Good point. There is one cost however, you lose the contribution room in this case. For most people, that cost is insignificant since they have too much available.


----------



## jamesbe (May 8, 2010)

The tax rates are different as wel are they not? 

I was reading about this just the other when I was debating if I should put the money in my RRSP or keep it for my home closing costs.

From what I understood from the gov website.

You lose the contribution room x 2 (the amount you took out and an equivalent amount) this was a HUGE deterent to me. Basically you can't just put it back....

Taxes depend on the amount you withdraw not your income for that year.

I'd have to dig up the numbers again but it was something like:
15% for the first $5000
20% for $5000 - 15000
and 
25% for > 15000

Those numbers are incorrect but it was something of the sorts.
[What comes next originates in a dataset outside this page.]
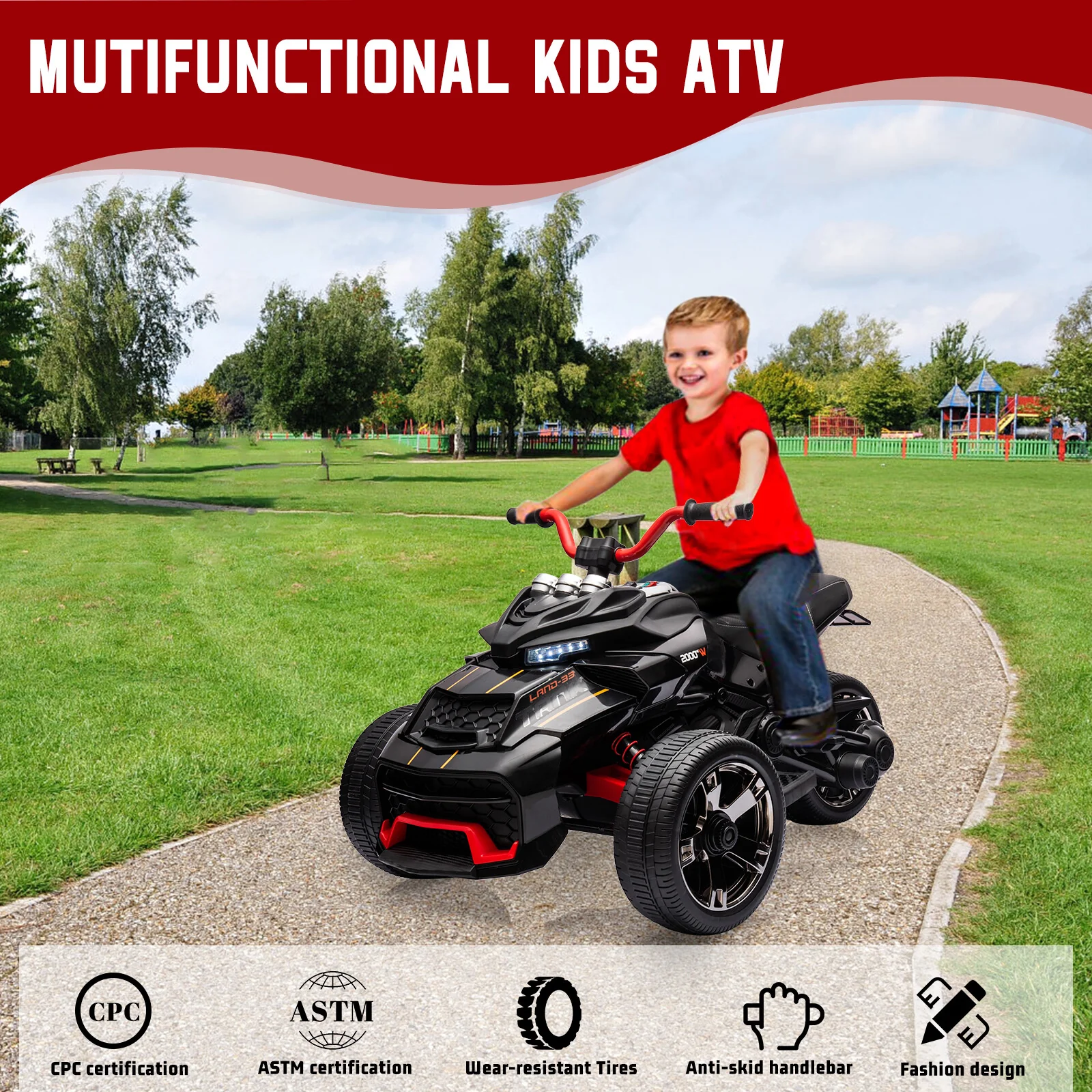12V 3-Wheeler Ride-On Electric ATV Motorcycle Battery-Powered Vehicle - Image 12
Unless I totally understood their document incorrectly.


----------



## MoneyGal (Apr 24, 2009)

jamesbe said:


> The tax rates are different as wel are they not?


This is incorrect. Withdrawals from an RRSP are subject to a mandatory withholding tax which may or may not be the correct rate for you for that year. 
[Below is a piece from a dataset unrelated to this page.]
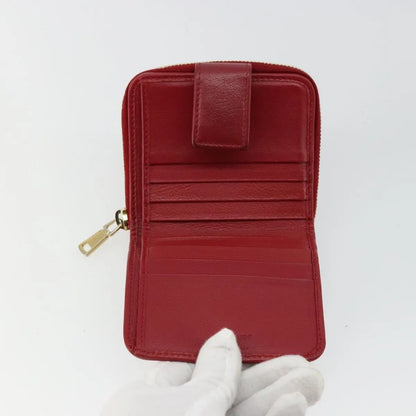 Saint Laurent Zipped Bifold Leather, Red, Leather, Wallet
If you withdraw from an RRSP, taxes are withheld by the institution and transmitted to CRA on your behalf. Then, just as if this was your paycheque, you record those taxes paid on your T1 when you file your taxes for the year.

If the withholding amount is LESS than you ultimately owe, you will pay and owe the outstanding amount. 

If the withholding amount is MORE than you owe, your final balance will be adjusted downwards by the amount of the overage.


----------



## jamesbe (May 8, 2010)

Okay thanks for clearing that up.

So really you just lose the contribution room (and potentially some money until you file your taxes although the potential to gain is also there).

The contribution room was a huge one for me as my room is nearly at zero now so I was afraid to lose it and didn't investigate too much further.


----------